> [PROBLEM STATEMENT]
Quote, without any change, the line that contains "Парень и девушка" and all lines that follow it to the end of the data below.

* * * * * * * * *

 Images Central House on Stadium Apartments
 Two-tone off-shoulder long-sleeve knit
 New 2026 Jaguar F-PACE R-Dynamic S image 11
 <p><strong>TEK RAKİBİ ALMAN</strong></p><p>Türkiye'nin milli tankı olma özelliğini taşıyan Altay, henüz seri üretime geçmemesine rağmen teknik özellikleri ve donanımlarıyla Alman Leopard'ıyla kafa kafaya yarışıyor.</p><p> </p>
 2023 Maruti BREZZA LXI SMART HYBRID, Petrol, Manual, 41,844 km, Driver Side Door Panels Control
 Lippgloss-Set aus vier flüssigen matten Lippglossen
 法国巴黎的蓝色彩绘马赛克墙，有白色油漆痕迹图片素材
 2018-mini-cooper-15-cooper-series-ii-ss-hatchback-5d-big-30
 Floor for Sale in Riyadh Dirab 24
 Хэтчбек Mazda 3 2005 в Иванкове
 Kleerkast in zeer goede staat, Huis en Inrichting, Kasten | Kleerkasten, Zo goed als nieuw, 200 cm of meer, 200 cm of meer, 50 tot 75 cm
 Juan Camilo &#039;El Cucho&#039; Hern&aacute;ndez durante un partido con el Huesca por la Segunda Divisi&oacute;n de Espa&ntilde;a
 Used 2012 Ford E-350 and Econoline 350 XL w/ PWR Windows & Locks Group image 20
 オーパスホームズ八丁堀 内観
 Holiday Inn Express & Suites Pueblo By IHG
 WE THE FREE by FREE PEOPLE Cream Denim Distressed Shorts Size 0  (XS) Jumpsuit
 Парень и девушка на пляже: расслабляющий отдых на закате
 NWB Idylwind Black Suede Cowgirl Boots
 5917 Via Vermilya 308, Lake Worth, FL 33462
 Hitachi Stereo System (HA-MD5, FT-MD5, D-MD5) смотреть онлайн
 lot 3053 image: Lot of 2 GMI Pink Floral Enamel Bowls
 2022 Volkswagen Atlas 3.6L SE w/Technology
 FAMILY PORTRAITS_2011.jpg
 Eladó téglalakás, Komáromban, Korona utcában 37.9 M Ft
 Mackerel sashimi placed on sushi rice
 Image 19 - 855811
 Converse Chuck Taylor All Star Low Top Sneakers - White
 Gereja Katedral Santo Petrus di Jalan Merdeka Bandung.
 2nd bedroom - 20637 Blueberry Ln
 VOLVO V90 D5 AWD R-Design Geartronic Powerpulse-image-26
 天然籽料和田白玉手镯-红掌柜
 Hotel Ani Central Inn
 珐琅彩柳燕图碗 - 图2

* * * * * * * * *

> [ANSWER TO THIS EXERCISE]
 Парень и девушка на пляже: расслабляющий отдых на закате
 NWB Idylwind Black Suede Cowgirl Boots
 5917 Via Vermilya 308, Lake Worth, FL 33462
 Hitachi Stereo System (HA-MD5, FT-MD5, D-MD5) смотреть онлайн
 lot 3053 image: Lot of 2 GMI Pink Floral Enamel Bowls
 2022 Volkswagen Atlas 3.6L SE w/Technology
 FAMILY PORTRAITS_2011.jpg
 Eladó téglalakás, Komáromban, Korona utcában 37.9 M Ft
 Mackerel sashimi placed on sushi rice
 Image 19 - 855811
 Converse Chuck Taylor All Star Low Top Sneakers - White
 Gereja Katedral Santo Petrus di Jalan Merdeka Bandung.
 2nd bedroom - 20637 Blueberry Ln
 VOLVO V90 D5 AWD R-Design Geartronic Powerpulse-image-26
 天然籽料和田白玉手镯-红掌柜
 Hotel Ani Central Inn
 珐琅彩柳燕图碗 - 图2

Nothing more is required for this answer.